• [Data for this task]:
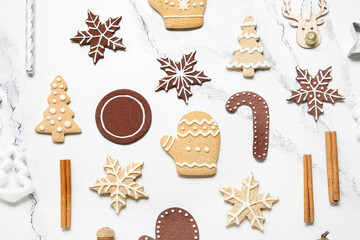 Christmas gingerbread cookies and decor on white grunge background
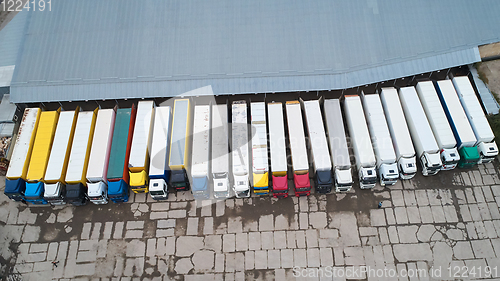 Image of Aerial view of goods warehouse. Logistics center in industrial city zone from above.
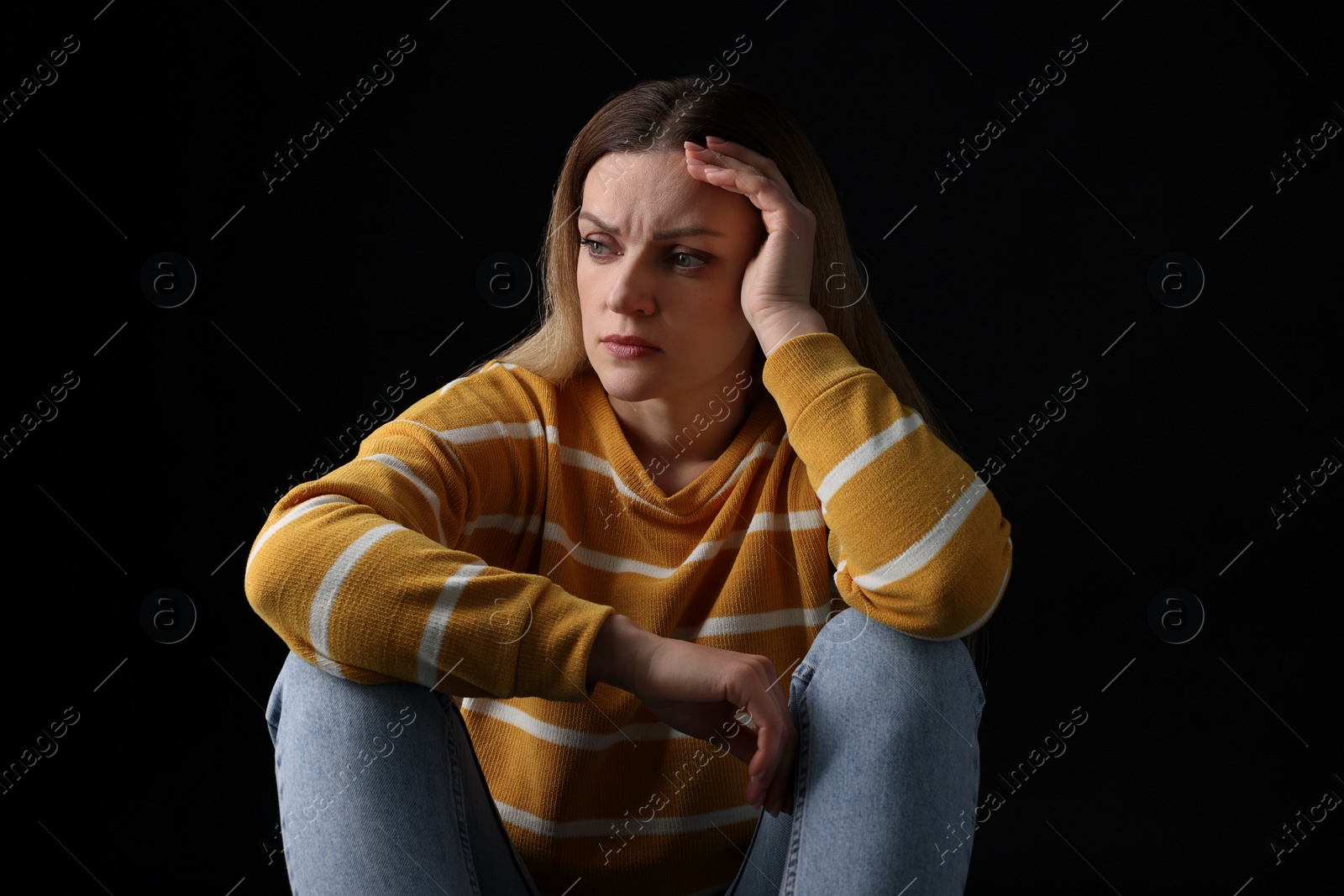 Photo of Portrait of sad woman on black background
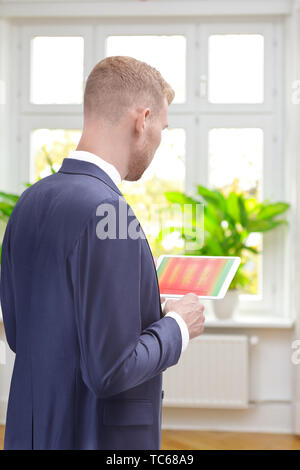 Maschio consulente energetico in una stanza di un vecchio edificio con un'immagine a raggi infrarossi di windows sul suo computer tablet Foto Stock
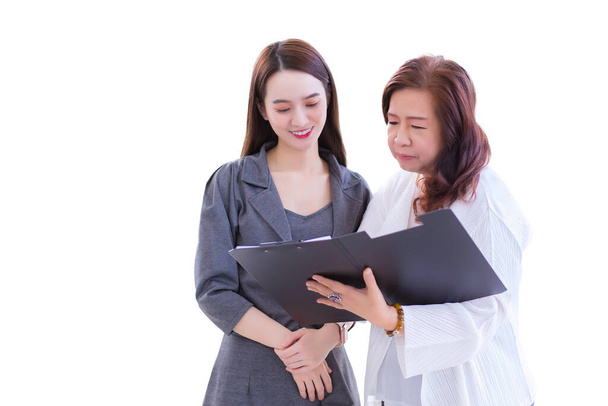 Young Asian business woman stands and talk to senior manager to consult about work intently with isolated on white background. - Photo, Image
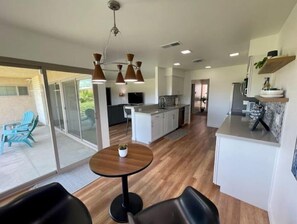 Enjoy meals in the kitchen with an oven, microwave, and wine cooler, and dine at the round table with an island.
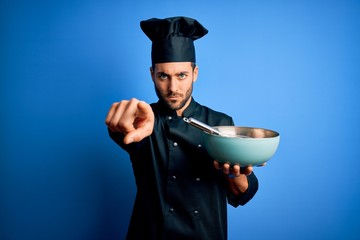 Canvas Print - Young cooker man with beard wearing uniform using whisk and bowl over blue background pointing with finger to the camera and to you, hand sign, positive and confident gesture from the front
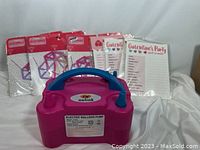 Full view of pink and blue Nulink electric balloon pump with party banners and party sheets in background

• [Directions]: None of the pictures belongs in the answer, but all the entries must be repeated exactly.

• [Answer section]:
 Christmas gingerbread cookies and decor on white grunge background
 Image of Aerial view of goods warehouse. Logistics center in industrial city zone from above.
 Photo of Portrait of sad woman on black background
 Maschio consulente energetico in una stanza di un vecchio edificio con un'immagine a raggi infrarossi di windows sul suo computer tablet Foto Stock
 Young Asian business woman stands and talk to senior manager to consult about work intently with isolated on white background. - Photo, Image
 Enjoy meals in the kitchen with an oven, microwave, and wine cooler, and dine at the round table with an island.
 Canvas Print - Young cooker man with beard wearing uniform using whisk and bowl over blue background pointing with finger to the camera and to you, hand sign, positive and confident gesture from the front
 Full view of pink and blue Nulink electric balloon pump with party banners and party sheets in background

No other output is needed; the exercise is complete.